La politique n'a jamais cessé d'être un métier dont il faut connaître les ficelles. La référence à la société civile indique une certaine lassitude des électeurs à l'égard de personnages politiques qu'ils ont beaucoup vus et entendus et qui les ont déçus. Mais rien ne garantit les Français contre des erreurs que peuvent commettre des hommes ou des femmes politiques qui n'ont pas acquis un minimum d'expérience et seront, comme les autres, façonnés par les médias.
L'idée d'aller chercher de nouvelles têtes (ou de nouveaux esprits) en dehors de la classe politique n'est pas nouvelle, même dans le cas d'une candidature à la présidence de la République. M. Blanc, pour examiner cet exemple, est d'autant plus motivé qu'il a rencontré, lorsqu'il gérait de grandes entreprises publiques, des obstacles dont il a vite compris qu'ils ne seraient vraiment franchis que lorsque serait lancée une vaste réforme de l'Etat et de la fonction publique.
On savait pourtant que M. Blanc avait des convictions proches de celles de Michel Rocard, lui-même réformateur remarquable mais qui n'a jamais su donner de lui une image assez forte pour convaincre l'électorat de le porter à la magistrature suprême.

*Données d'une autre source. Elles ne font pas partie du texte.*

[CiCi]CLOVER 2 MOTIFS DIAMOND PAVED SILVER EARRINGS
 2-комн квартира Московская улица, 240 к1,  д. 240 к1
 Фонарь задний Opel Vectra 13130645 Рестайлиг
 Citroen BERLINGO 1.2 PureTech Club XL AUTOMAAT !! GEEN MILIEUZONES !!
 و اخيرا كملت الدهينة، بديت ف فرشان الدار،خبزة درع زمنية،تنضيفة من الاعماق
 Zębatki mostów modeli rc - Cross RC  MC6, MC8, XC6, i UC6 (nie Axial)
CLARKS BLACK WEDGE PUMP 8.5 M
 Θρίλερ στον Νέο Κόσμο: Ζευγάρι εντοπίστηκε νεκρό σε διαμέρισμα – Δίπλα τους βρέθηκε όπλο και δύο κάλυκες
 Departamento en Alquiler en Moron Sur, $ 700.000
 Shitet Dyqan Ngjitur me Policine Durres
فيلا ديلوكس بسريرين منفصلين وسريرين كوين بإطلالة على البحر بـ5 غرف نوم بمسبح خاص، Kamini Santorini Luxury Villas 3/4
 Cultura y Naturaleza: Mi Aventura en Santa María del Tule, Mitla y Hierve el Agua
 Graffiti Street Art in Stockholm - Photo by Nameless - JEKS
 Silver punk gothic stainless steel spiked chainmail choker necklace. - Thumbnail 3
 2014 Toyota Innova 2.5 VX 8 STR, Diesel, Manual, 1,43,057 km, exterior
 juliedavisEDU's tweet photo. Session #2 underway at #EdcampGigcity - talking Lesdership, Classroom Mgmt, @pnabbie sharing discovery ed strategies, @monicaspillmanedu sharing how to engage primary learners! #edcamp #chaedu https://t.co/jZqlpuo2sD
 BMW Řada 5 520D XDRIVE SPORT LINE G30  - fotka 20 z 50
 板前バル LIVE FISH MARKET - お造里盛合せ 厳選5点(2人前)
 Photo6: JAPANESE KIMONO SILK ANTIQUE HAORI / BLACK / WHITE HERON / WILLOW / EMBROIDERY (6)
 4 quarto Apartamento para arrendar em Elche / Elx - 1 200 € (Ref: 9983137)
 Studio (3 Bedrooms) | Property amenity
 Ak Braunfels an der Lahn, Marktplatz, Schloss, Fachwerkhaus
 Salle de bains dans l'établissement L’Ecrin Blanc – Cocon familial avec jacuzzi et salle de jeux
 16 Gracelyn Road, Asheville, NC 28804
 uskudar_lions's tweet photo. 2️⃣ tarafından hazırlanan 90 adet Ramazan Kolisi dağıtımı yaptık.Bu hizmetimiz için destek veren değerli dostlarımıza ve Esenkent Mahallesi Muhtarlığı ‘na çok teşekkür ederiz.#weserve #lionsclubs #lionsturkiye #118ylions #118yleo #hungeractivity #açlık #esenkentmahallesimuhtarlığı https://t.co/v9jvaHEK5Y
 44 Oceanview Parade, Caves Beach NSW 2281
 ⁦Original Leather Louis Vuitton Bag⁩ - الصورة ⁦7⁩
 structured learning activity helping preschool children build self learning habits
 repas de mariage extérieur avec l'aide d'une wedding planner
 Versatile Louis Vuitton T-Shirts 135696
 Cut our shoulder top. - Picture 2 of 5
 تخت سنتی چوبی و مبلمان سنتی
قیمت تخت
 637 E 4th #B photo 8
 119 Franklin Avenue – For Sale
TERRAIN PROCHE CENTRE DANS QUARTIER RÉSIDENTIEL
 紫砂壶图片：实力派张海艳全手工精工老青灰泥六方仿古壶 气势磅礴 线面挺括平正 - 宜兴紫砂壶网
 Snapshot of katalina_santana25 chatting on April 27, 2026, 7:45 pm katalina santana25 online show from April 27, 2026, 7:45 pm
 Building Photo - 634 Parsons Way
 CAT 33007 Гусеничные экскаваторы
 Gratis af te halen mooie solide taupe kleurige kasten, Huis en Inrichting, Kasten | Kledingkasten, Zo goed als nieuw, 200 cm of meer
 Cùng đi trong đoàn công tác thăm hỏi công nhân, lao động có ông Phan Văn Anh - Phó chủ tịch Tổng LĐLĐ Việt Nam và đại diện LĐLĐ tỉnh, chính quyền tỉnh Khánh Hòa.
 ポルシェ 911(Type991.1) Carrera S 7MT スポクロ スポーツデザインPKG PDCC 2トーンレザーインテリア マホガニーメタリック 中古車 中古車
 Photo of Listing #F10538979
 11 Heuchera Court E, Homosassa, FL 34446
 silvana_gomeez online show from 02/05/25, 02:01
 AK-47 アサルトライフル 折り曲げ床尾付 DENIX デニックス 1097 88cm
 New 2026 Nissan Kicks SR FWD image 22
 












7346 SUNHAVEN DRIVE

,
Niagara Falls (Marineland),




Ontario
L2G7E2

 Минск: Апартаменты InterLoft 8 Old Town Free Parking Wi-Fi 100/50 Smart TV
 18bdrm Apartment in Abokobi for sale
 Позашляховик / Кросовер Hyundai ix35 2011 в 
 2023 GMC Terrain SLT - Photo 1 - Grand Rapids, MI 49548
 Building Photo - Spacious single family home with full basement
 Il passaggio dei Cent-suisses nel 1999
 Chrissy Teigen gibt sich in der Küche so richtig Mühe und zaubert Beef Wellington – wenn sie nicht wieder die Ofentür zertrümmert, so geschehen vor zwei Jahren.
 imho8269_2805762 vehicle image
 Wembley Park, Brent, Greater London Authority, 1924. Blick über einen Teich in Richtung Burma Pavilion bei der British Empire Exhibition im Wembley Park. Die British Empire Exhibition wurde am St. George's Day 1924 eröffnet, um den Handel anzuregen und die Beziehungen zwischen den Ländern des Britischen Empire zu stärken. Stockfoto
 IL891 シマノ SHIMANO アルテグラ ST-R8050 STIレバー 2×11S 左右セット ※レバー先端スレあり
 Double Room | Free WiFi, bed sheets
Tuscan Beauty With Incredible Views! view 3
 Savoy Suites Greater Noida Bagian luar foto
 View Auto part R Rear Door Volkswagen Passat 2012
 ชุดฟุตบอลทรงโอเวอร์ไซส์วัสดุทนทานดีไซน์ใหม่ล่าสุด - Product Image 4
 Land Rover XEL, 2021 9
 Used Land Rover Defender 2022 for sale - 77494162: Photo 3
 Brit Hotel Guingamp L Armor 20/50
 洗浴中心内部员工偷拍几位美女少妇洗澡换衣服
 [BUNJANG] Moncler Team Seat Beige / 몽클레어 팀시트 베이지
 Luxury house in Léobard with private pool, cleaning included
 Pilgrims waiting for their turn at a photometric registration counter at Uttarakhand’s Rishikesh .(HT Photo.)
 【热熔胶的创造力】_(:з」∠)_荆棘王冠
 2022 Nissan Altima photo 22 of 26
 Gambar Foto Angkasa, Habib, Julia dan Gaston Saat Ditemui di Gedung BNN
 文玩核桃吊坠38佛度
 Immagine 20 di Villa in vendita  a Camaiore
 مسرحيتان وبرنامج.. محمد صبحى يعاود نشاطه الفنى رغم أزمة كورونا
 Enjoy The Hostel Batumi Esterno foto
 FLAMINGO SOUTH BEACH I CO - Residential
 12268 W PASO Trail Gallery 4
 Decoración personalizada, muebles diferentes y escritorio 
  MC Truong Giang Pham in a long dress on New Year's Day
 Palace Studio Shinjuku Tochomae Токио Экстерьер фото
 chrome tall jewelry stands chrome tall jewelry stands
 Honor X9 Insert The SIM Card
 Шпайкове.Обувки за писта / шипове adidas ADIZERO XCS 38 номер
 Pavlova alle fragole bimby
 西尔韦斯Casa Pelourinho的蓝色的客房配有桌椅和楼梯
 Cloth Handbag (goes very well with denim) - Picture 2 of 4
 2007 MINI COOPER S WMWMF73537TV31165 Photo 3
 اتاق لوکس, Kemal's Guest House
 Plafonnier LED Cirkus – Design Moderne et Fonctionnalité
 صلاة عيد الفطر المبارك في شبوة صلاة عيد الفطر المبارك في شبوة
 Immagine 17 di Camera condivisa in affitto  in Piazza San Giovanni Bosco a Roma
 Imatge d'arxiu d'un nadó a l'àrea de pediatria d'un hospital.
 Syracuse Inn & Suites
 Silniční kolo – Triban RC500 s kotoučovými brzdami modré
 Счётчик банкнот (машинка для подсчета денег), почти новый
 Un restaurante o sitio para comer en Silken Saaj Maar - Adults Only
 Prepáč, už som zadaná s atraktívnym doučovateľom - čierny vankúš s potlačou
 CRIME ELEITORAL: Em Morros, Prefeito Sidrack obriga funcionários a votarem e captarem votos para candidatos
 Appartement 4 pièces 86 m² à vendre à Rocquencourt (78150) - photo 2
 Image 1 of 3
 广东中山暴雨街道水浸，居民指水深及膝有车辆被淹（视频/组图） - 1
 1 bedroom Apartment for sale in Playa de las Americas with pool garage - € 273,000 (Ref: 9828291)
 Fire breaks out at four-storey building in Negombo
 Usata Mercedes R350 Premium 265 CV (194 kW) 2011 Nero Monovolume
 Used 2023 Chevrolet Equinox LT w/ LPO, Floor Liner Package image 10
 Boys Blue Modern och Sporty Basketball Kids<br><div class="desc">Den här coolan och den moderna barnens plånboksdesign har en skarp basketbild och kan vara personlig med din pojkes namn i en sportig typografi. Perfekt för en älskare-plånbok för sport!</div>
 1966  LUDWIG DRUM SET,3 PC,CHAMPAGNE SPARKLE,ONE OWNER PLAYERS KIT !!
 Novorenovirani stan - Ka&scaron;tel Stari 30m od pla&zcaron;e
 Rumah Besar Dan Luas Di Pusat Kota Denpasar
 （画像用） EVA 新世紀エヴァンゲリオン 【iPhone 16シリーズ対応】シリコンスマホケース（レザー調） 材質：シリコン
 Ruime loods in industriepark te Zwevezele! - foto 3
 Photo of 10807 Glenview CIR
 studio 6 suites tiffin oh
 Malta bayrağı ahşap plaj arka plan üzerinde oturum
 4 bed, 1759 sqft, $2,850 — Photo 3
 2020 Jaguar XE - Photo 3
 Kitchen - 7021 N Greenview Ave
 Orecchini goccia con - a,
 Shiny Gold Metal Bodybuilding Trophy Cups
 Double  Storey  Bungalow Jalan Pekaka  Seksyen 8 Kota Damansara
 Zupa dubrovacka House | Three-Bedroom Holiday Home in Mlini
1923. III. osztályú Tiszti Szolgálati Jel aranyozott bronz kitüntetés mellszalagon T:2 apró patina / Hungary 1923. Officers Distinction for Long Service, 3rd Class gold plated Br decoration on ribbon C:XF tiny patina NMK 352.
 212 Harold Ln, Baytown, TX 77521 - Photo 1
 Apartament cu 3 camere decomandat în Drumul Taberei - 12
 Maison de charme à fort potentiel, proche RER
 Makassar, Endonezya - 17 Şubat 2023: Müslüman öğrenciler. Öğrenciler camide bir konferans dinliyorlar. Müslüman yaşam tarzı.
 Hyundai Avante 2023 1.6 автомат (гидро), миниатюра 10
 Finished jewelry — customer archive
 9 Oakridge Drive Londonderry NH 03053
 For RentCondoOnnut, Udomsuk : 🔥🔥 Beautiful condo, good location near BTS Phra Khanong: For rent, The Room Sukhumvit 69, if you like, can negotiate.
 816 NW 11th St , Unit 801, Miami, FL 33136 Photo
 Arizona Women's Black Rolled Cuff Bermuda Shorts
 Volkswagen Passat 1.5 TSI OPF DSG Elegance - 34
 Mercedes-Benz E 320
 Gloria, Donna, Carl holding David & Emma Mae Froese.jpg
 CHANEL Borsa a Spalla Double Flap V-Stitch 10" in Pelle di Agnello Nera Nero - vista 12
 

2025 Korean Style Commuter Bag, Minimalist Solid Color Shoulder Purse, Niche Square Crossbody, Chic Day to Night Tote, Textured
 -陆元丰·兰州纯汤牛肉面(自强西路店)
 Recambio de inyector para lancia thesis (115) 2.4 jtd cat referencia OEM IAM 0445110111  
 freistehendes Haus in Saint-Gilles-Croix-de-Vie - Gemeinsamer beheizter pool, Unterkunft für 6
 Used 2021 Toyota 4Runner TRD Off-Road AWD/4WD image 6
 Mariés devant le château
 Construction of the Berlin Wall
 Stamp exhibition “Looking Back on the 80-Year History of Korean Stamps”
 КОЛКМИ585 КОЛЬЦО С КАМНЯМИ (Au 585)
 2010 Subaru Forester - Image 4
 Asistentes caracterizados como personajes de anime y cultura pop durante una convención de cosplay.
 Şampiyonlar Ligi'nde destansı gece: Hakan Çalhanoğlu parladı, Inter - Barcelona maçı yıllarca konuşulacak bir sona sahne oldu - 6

La médiatisation de la politique fait beaucoup de victimes : il serait plus juste que les hommes et les femmes politiques soient jugées sur leur bilan plutôt que sur leur mine.
Mais il est vrai que des candidatures atypiques ont été déclarées cette année : celle de M. Blanc, bien sûr, mais celle aussi de Jean-Pierre Chevènement, qui ne vient pas du tout de la société civile mais a fait beaucoup d'allers-retours entre le pouvoir et la retraite. M. Chevènement, comme Christian Blanc, s'est dit un jour que, s'il voulait faire passer ses idées, il ne devait pas craindre de se présenter à la présidence de la République.
Corinne Lepage, avocate de formation et ancienne ministre RPR, appartient à la même catégorie. Elle a eu tout le loisir, quand elle était au gouvernement, de constater qu'on n'y prenait pas l'écologie au sérieux, alors qu'elle exprime des idées qui, par rapport à celles des Verts, fort imbus de leur spécificité, mais en même temps fort peu responsables sur le plan politique, ont le mérite de ne pas mettre en danger le fonctionnement de l'économie.
Ces candidatures, dont la moins marginale est celle de M. Chevènement, qui obtient 10 % des suffrages dans les sondages, apparaissent néanmoins comme des candidatures de témoignage, même celle de l'ancien président du Mouvement des citoyens qui ne devrait pas, sauf coup de théâtre sans précédent, figurer au second tour.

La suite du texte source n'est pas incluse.